§ Task instructions: Return the listing below exactly, with the pictures dropped.

*** Given data ***

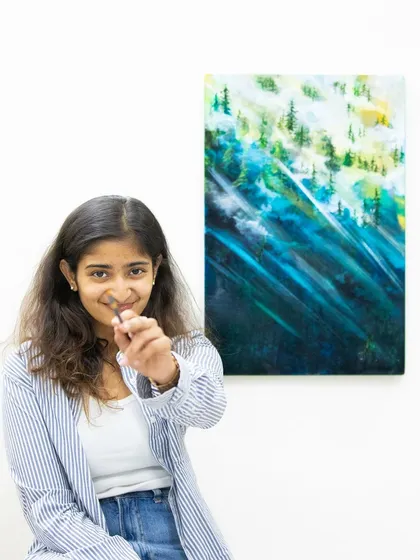 Posing with my "Pahaadi" (mountain) painting. This piece captures the feeling of being in the mountains, with misty forests and ethereal light. It's available for purchase or similar commissions.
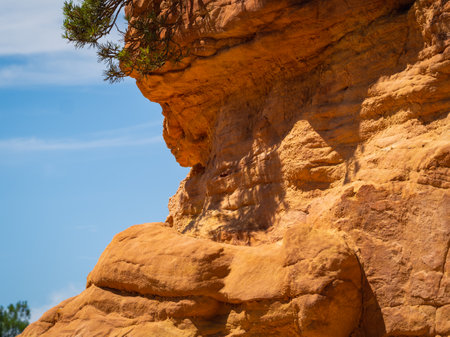 Abstract Rustrel canyon ocher cliffs landscape. Provencal Colorado near Roussillon, Southern France.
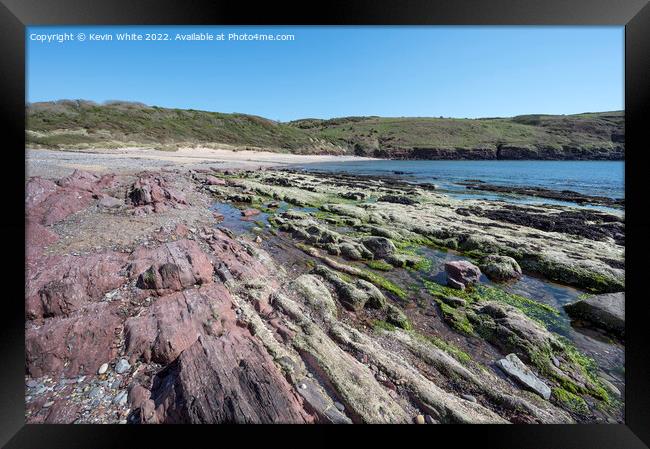 Differenent coloured rocks on Manorbier Beach Pembrokeshire Framed Print by Kevin White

*** End of Given data ***

§ Result of this task:
 Posing with my "Pahaadi" (mountain) painting. This piece captures the feeling of being in the mountains, with misty forests and ethereal light. It's available for purchase or similar commissions.
 Abstract Rustrel canyon ocher cliffs landscape. Provencal Colorado near Roussillon, Southern France.
 Differenent coloured rocks on Manorbier Beach Pembrokeshire Framed Print by Kevin White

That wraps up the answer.